3回に驚愕の3ラン…打った瞬間に確信「懐かしい感じがしました」

 選手ですら、胸を打たれる光景だった。満員のスタンドに抱いた感情は「終わらないでほしいな」。ソフトバンクのOB戦「SoftBank HAWKS 20th ANNIVERSARY SPECIAL MATCH Supported by 昭和建設」が23日、みずほPayPayドームで行われた。レジェンドたちが集結した中、球団初となったOB戦の“意義”を、内川聖一さんが代弁した。

 工藤公康元監督が率いる黒鷹軍の「5番・一塁」でスタメン出場。初回に三塁線を破る適時二塁打を放つと、最大の見せ場は3回だ。2死一、二塁から打席に立ち、森福允彦さんとの対戦。内角球をすくい上げると、打球は左翼スタンドに着弾した。「今日この(メンバーの)中で、現役の時よりいいバッティングをしたのは僕だけでしたね!」と胸を張る。4打点の活躍で、文句なしのMVPに選ばれた。

【動画】OB戦で3ランを放った内川聖一さん

 4万人以上のファンが足を運び、満員御礼も発表された。親会社が「ソフトバンク」となり、今年で20周年。アニバーサリーイヤーに実現したOB戦に、内川さんも「チケットがたくさん売れているのは僕も聞いていましたけど……」と驚きを隠さない。NPBでのプレーを終えて、2年以上が経つ。この日見た“景色”に感じたのは、純粋な「幸せ」だった。

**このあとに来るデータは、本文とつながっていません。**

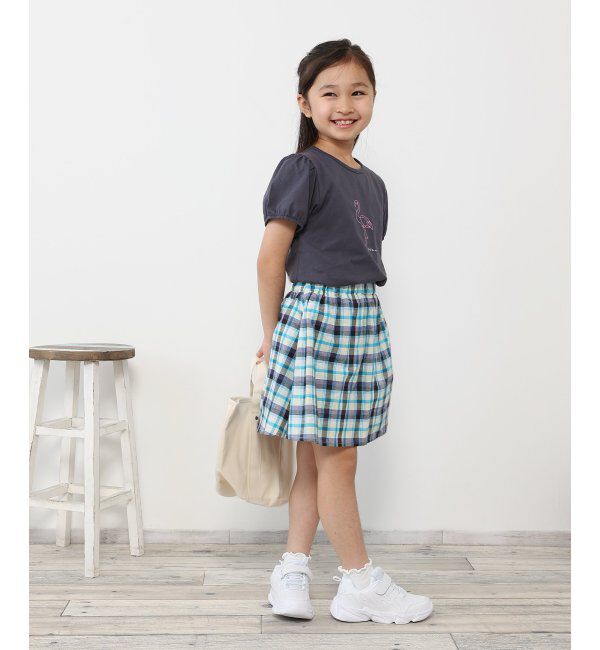 ikka kids「USAコットン パフスリーブプリントTシャツ（120~160cm）」|Tシャツ・カットソー|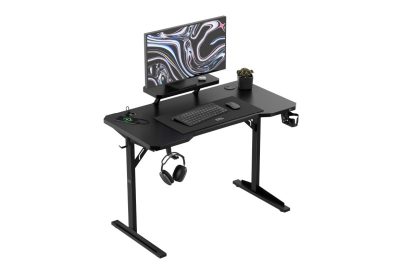 Bureau gaming acier noir 115 cm avec étagère USB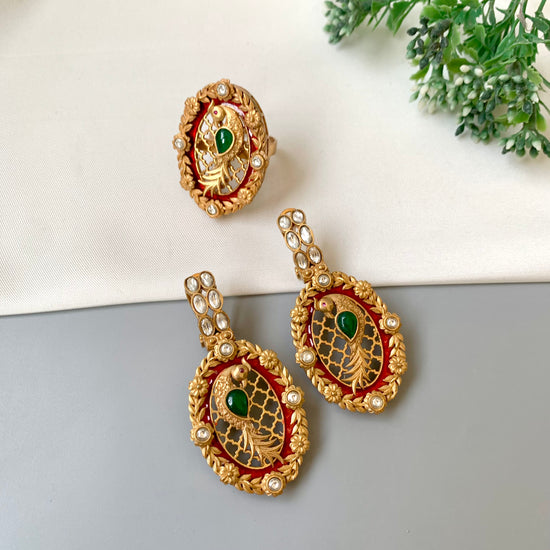 Zariya handcrafted gold plated combo set with moissanite kundan, emerald and hand painted meena including earrings and adjustable ring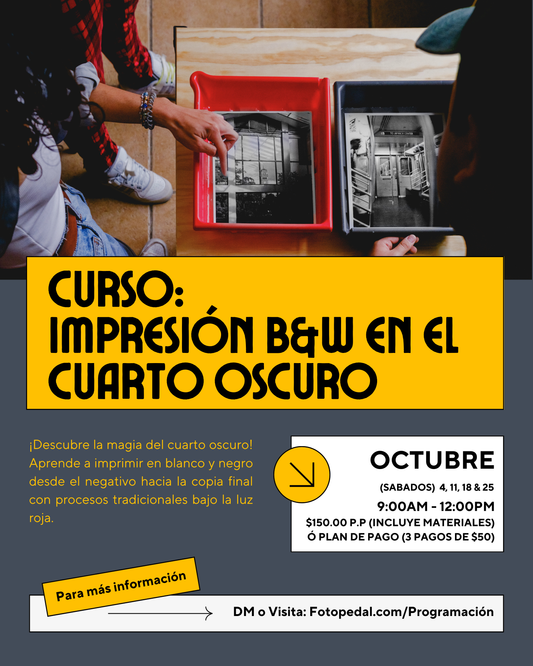 Curso: Introducción impresión B&W en el cuarto oscuro (Octubre)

「正直に言って、全部が印象的でした。子どもの頃、スタンドから見ていた皆さんがいて、日本一を一緒に目指した仲間がいて、後輩もいて……。本当に、こんなプラスがいっぱいある試合をさせてもらえたのは幸せだと思いましたし。本当にファンの皆さんが応援してくださる中で野球をやるのは幸せだと現役時代も思っていたんですけど、辞めてみて改めて感じることはたくさんありました」

 本塁打含む4打点の活躍。「自分がやった結果で喜んでもらえた。野球選手をやってきてよかったなと思いましたね」と噛み締める。スタンドが満員で埋まる中でプレーができる喜びは、現役時代に何度も味わった。あの光景が当たり前ではなかったんだと、引退したからこそ感じられる。日本シリーズもWBCも経験したが「人生の中で、こんなファンの皆さんの前で野球をやらせてもらえること、何回あるんだろうって思ったら、終わらないでほしいなと正直、思いました」と続けた。待ち望まれてきたOB戦開催。内川さんも、胸を打たれた1人だった。

 少し前には、ドジャースの大谷翔平投手らが開幕戦のために来日していた。内川さんも東京ドームを訪れたといい「やっぱり現役でやることが一番すごいんです。グラウンドでやっている選手が一番輝いている」と再認識した。実績を積んだのは本人の努力に他ならないが、第一線から退いていることは誰よりも自覚している。だからこそ、“今”を戦う選手たちにはリスペクトしかなかった。「僕もそれを実感したばかりの時期にユニホームを着させてもらえて幸せでした。本当にありがたい経験をさせてもらえました」。

 2010年オフに、国内FA権を行使してホークスに移籍。福岡で10年間、プレーを重ねた。2015年からは4年間キャプテンを務め、とてつもない重圧を背負った。「当時感じていたことと、今とでは全然違うと思いますね。その時はなんとかしなきゃ、どうにかしなきゃっていっぱいいっぱいでしたけど。(キャプテンは)やりたくても、全員ができることではない。今感じるのは、そういう役割を与えてもらえたのは幸せなこと、ありがたいことでした」と感謝は尽きない。OB戦という舞台は、自分のキャリアを振り返る機会にもなった。

「ベイスターズ、スワローズの時もそうなんですけど、いろんな立ち位置で野球をやらせてもらった。プロ入りして、まずは1軍に上がる時期があった。なんとか試合に出ようとして、たまに出られるようになって、それが続くようになったらレギュラーを取れた。最終的にキャプテンもやらせてもらえて、チームの勝敗も背負わないといけなかった。最後はベテランとして、40歳まで現役をやらせてもらえたので、本当に濃い野球人生でした。やってきてよかったなと素直に思います」

 ホークス移籍時は24番を背負っていたが、2年目からはこの日も背負った1番に変更。偉大な先輩たちの番号だと、心からリスペクトした上での決断だった。「今日は秋山(幸二)さんも柴原(洋)さんもいらっしゃったじゃないですか。それぞれが(背番号1を)象徴される選手ですし、そんな先輩から背番号をいただいたと思っていますので。同じユニホームを着られたのは嬉しいです」。そう語る表情は、野球少年のようだ。

 本塁打は、打った瞬間に確信したという。白球がみるみる小さくなり、スタンドに消えていく。久々の感触を「現役の時なら打ったボールがどれくらい飛んだのか、っていうのがある。そんなイメージまでは追い付かないだろうなと思っていたんですけど、今日は懐かしい感じがしました」と噛み締めた。スタンドが埋まるありがたさ、プレーができる喜び、現役でいられる時間の尊さ……。初のOB戦で見た景色は、内川さんの胸にも色濃く刻まれた。